Captioned web image data:
**********
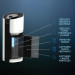5 Stage Portable UV Air Purifier 5 Stage Portable UV Air Purifier
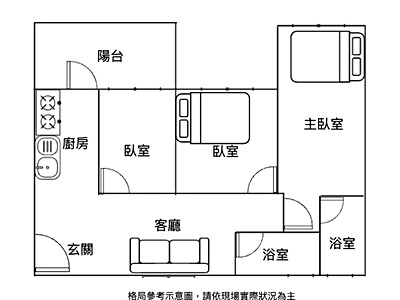 社區圖片
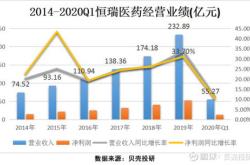 恒瑞医药股票技术分析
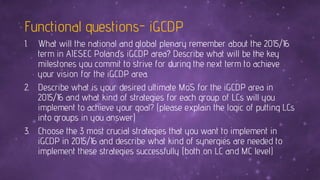 Functional questions- iGCDP
1. What will the national and global plenary remember about the 2015/16
term in AIESEC Poland’s iGCDP area? Describe what will be the key
milestones you commit to strive for during the next term to achieve
your vision for the iGCDP area.
2. Describe what is your desired ultimate MoS for the iGCDP area in
2015/16 and what kind of strategies for each group of LCs will you
implement to achieve your goal? (please explain the logic of putting LCs
into groups in you answer)
3. Choose the 3 most crucial strategies that you want to implement in
iGCDP in 2015/16 and describe what kind of synergies are needed to
implement these strategies successfully (both on LC and MC level)
 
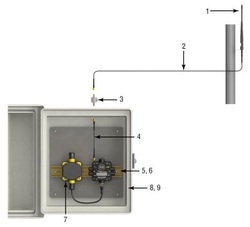 SMBDX80DIN - Banner Engineering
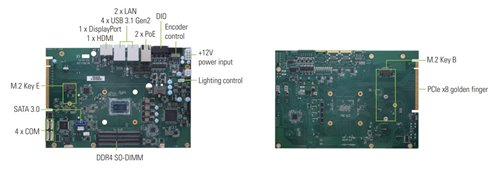 Axiomtek introduces MIRU130 embedded vision and AI motherboard
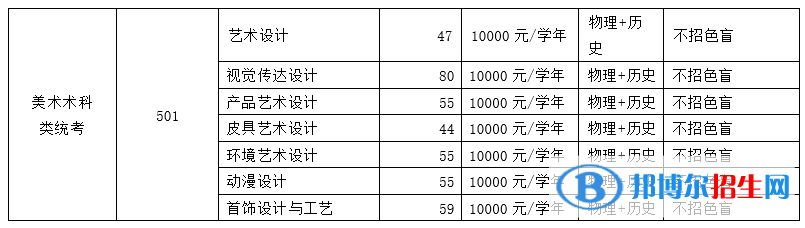 廣州番禺職業(yè)技術(shù)學(xué)院藝術(shù)類專業(yè)有哪些？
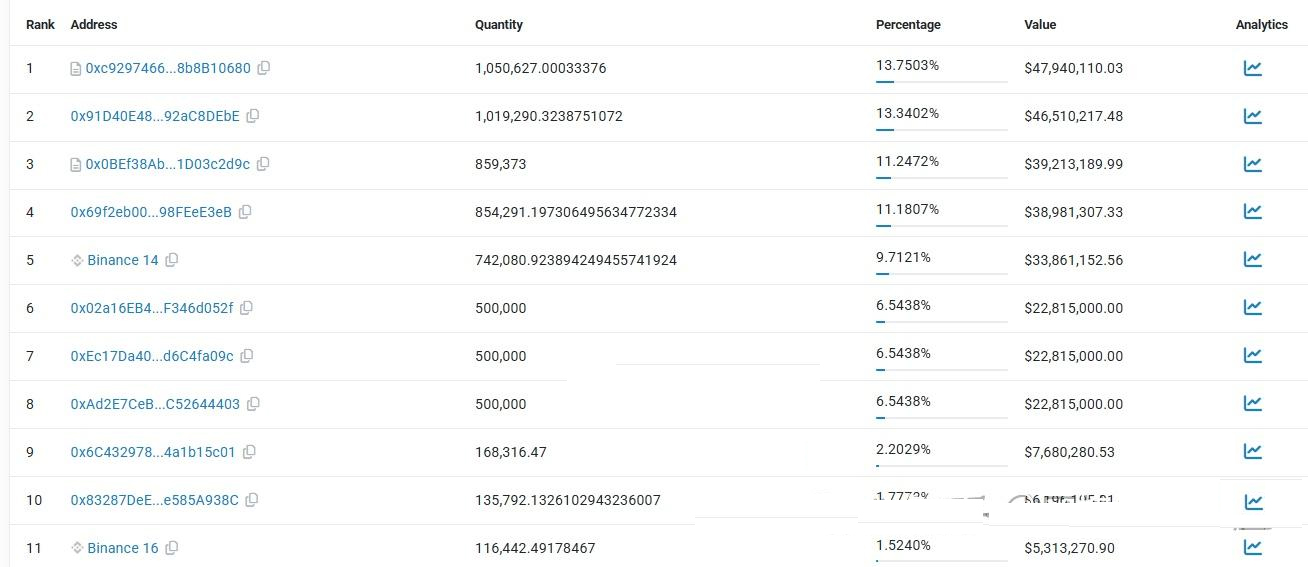 最近逆勢而為的強莊幣？BNX&AUCTION&ZERO三項目盤點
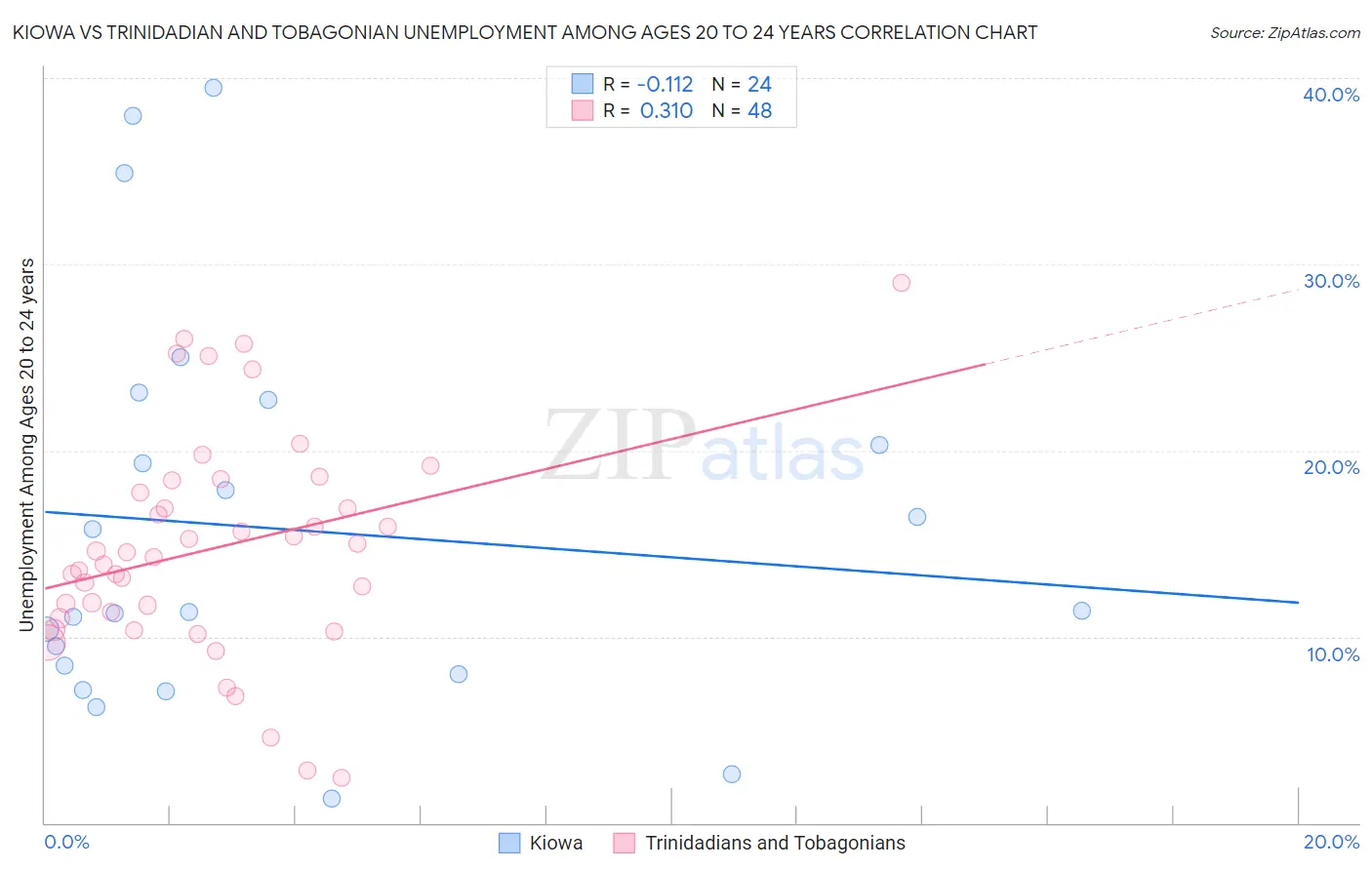 Kiowa vs Trinidadian and Tobagonian Unemployment Among Ages 20 to 24 years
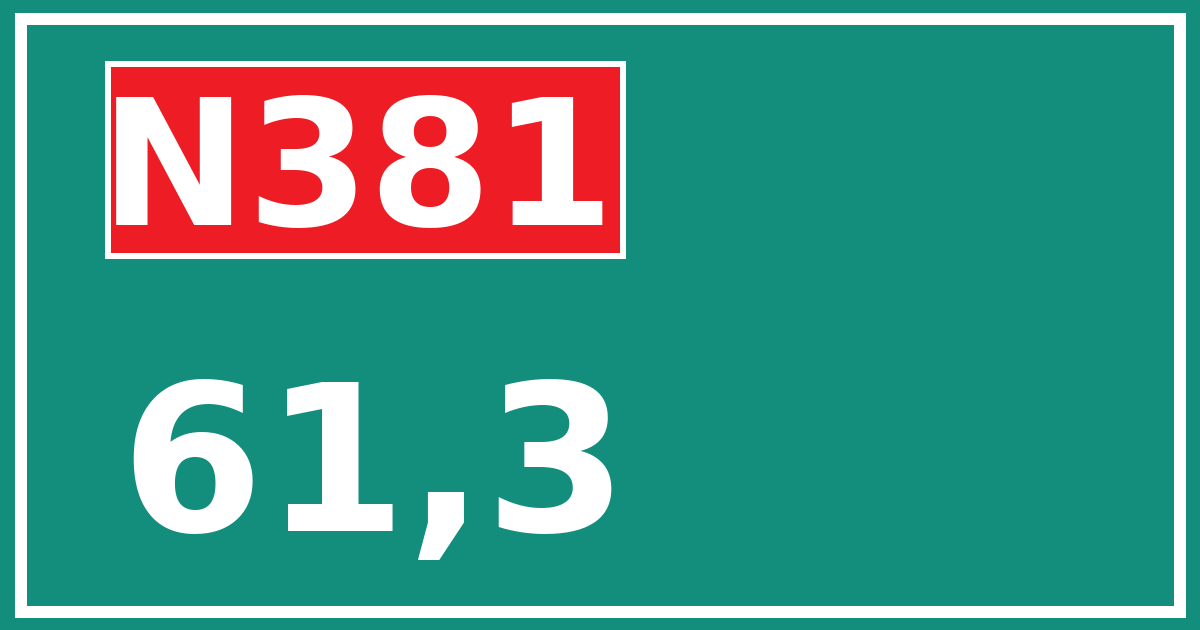Hectometerbord N381 61,3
**********
In the copy, include no pictures; otherwise transcribe the entries exactly.

5 Stage Portable UV Air Purifier 5 Stage Portable UV Air Purifier
 社區圖片
 恒瑞医药股票技术分析
 Functional questions- iGCDP
1. What will the national and global plenary remember about the 2015/16
term in AIESEC Poland’s iGCDP area? Describe what will be the key
milestones you commit to strive for during the next term to achieve
your vision for the iGCDP area.
2. Describe what is your desired ultimate MoS for the iGCDP area in
2015/16 and what kind of strategies for each group of LCs will you
implement to achieve your goal? (please explain the logic of putting LCs
into groups in you answer)
3. Choose the 3 most crucial strategies that you want to implement in
iGCDP in 2015/16 and describe what kind of synergies are needed to
implement these strategies successfully (both on LC and MC level)
 
 SMBDX80DIN - Banner Engineering
 Axiomtek introduces MIRU130 embedded vision and AI motherboard
 廣州番禺職業(yè)技術(shù)學(xué)院藝術(shù)類專業(yè)有哪些？
 最近逆勢而為的強莊幣？BNX&AUCTION&ZERO三項目盤點
 Kiowa vs Trinidadian and Tobagonian Unemployment Among Ages 20 to 24 years
Hectometerbord N381 61,3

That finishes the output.